0
votes

The error is

'System.Replicator' reported Warning for property 'RemoteReplicatorConnectionStatus'.
Replica 132295460844367404 cannot be reached to start the copy process. Error Code: CannotConnect, Target listen address: localhost:62352/5298ce62-a8b6-4c10-944c-ce861fb5abd9-132295460844367404;70bcec58-3f57-4a23-b787-7353d53e631d:fdd277399fb82af80e7f8a0f097d244d. Verify that ReplicatorAddress config is valid.
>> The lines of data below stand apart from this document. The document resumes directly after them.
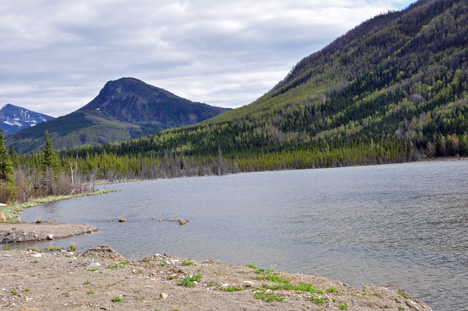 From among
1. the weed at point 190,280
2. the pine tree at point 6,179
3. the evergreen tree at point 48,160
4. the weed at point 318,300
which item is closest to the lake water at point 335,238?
the weed at point 318,300

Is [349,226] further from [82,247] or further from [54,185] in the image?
[54,185]

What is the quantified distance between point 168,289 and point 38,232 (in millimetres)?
31991

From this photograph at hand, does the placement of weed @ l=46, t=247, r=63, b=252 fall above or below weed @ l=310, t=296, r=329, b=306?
below

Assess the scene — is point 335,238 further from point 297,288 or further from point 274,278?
point 297,288

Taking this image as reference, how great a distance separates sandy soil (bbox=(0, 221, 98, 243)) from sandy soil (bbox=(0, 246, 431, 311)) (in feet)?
60.9

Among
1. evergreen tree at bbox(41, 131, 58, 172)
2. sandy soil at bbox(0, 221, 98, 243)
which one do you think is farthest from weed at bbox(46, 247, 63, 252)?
evergreen tree at bbox(41, 131, 58, 172)

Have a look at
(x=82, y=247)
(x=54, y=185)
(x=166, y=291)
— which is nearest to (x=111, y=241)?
(x=82, y=247)

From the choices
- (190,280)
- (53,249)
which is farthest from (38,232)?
(190,280)

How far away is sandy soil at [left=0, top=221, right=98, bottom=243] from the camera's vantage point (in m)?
42.0

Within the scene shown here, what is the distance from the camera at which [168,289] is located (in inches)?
736

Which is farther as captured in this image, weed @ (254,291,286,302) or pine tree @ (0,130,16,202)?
pine tree @ (0,130,16,202)

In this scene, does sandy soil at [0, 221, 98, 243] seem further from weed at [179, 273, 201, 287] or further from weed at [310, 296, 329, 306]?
weed at [310, 296, 329, 306]

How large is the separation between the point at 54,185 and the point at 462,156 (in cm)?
18781

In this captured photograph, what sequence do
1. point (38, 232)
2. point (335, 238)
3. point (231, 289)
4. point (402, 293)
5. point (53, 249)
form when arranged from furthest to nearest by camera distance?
point (38, 232) < point (335, 238) < point (53, 249) < point (402, 293) < point (231, 289) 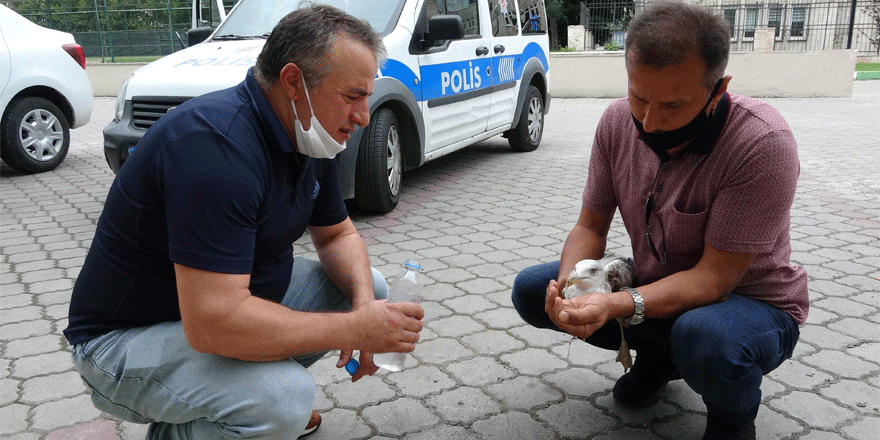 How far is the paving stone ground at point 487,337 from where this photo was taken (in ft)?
8.86

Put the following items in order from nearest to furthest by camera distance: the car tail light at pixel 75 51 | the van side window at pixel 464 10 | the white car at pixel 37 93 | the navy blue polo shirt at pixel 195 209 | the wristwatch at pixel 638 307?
the navy blue polo shirt at pixel 195 209 → the wristwatch at pixel 638 307 → the van side window at pixel 464 10 → the white car at pixel 37 93 → the car tail light at pixel 75 51

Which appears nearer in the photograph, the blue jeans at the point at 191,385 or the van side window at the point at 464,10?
the blue jeans at the point at 191,385

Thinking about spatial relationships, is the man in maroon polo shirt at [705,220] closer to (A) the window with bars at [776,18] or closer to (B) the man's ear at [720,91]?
(B) the man's ear at [720,91]

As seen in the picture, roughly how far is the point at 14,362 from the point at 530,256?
291 centimetres

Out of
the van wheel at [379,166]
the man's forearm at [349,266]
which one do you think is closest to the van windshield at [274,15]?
the van wheel at [379,166]

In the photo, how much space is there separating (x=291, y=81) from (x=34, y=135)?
6850 mm

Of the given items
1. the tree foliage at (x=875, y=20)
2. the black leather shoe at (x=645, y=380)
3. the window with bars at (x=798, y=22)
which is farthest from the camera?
the tree foliage at (x=875, y=20)

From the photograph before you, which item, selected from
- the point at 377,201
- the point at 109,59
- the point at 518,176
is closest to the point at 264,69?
the point at 377,201

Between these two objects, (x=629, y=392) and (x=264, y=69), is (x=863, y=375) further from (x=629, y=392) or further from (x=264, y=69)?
(x=264, y=69)

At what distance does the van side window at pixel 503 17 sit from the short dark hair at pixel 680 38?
548 cm

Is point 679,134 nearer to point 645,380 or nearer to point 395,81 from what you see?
point 645,380

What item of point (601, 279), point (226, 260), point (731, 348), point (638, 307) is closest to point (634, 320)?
point (638, 307)

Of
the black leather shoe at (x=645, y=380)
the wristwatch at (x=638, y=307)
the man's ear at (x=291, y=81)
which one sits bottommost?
the black leather shoe at (x=645, y=380)

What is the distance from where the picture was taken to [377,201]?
5691 mm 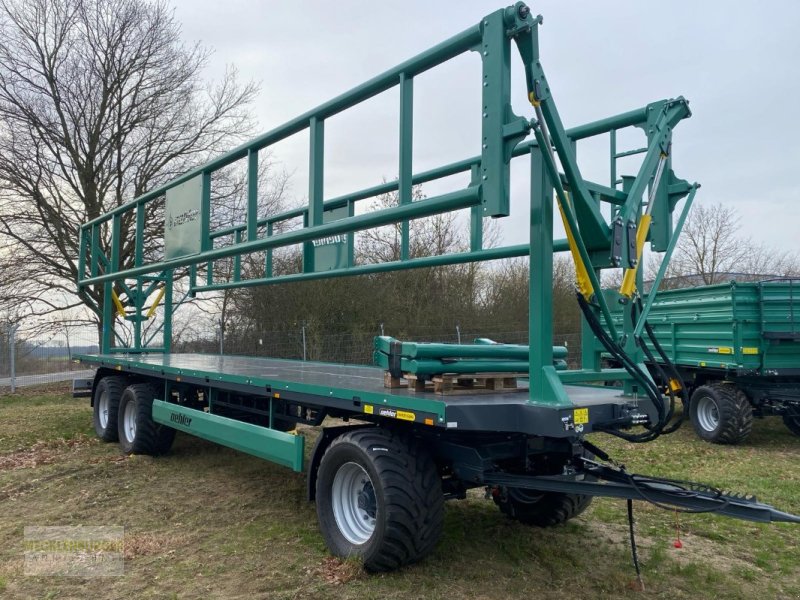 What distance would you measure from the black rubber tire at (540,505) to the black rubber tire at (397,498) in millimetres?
967

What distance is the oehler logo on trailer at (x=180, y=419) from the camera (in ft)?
21.5

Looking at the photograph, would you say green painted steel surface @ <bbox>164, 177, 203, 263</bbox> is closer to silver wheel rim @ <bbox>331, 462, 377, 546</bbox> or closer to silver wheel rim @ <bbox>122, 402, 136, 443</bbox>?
silver wheel rim @ <bbox>122, 402, 136, 443</bbox>

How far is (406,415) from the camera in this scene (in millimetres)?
3787

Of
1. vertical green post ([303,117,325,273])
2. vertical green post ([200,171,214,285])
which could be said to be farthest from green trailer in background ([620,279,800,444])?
vertical green post ([200,171,214,285])

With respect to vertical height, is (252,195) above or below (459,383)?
above

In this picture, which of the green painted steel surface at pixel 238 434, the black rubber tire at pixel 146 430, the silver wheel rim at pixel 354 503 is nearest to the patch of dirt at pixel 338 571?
the silver wheel rim at pixel 354 503

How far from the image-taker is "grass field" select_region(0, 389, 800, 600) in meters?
3.94

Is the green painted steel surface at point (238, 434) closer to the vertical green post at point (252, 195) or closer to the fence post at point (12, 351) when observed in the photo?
the vertical green post at point (252, 195)

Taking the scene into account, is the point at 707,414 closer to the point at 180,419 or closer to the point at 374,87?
the point at 180,419

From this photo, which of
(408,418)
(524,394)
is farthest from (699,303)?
(408,418)

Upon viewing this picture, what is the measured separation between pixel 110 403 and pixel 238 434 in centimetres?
396

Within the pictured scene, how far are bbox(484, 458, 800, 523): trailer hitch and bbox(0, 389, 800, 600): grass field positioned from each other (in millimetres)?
694

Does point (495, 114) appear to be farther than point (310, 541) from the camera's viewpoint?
No

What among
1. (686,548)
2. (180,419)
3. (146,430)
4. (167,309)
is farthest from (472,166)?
(167,309)
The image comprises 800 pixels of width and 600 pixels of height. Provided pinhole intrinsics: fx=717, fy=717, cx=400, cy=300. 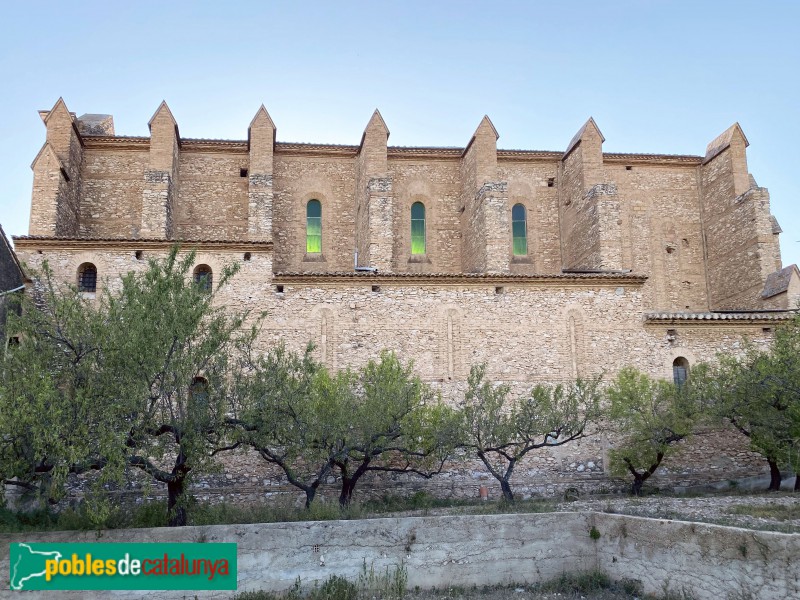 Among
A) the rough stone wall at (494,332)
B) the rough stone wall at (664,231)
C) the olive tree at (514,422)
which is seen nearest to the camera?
the olive tree at (514,422)

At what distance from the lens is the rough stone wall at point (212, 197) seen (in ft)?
71.7

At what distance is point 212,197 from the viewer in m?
22.2

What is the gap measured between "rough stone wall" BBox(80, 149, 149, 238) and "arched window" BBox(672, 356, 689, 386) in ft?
51.8

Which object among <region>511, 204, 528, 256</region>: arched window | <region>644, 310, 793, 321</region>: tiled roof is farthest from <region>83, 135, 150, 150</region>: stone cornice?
<region>644, 310, 793, 321</region>: tiled roof

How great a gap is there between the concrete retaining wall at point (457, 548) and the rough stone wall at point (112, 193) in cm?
1293

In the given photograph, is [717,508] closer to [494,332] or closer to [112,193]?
[494,332]

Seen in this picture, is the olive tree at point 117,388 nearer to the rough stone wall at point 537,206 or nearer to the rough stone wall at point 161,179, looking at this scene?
the rough stone wall at point 161,179

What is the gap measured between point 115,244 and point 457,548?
1207 cm

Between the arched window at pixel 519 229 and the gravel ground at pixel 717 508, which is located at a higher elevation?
the arched window at pixel 519 229

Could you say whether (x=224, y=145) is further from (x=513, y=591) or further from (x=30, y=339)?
(x=513, y=591)

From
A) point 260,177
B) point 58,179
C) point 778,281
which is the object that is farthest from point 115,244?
point 778,281

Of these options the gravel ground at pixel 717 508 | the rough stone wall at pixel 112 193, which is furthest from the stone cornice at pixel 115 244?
the gravel ground at pixel 717 508

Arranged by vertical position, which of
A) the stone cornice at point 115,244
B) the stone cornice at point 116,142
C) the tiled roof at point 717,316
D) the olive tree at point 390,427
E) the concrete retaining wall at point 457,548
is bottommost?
the concrete retaining wall at point 457,548

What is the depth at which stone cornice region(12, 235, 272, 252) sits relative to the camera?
18.0 meters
There are 3 replicas, and 2 of them are stuck InBuild. The error reports as coming from the Primary replica, and the replicaId it complains about is of one of the secondary replicas that is stuck InBuild.

Everything I find on this error is related to standalone clusters, but my cluster is Azure generated. What are some causes of this error? It only happens for my stateful service when I deploy multiple replicas.

In the Primary replica events it shows the following error for each of the other 2 replicas

 "Description": "The api IReplicator.BuildReplica(132295460844367404) on node _default_4 is stuck. Start Time (UTC): 2020-03-24 17:55:24.215.",

If I set replica count to 1 the error doesn't appear, until I try to upgrade the application at which point it created a idle replica to swap and gets stuck on this error at that point causing the upgrade to hang indefinitely.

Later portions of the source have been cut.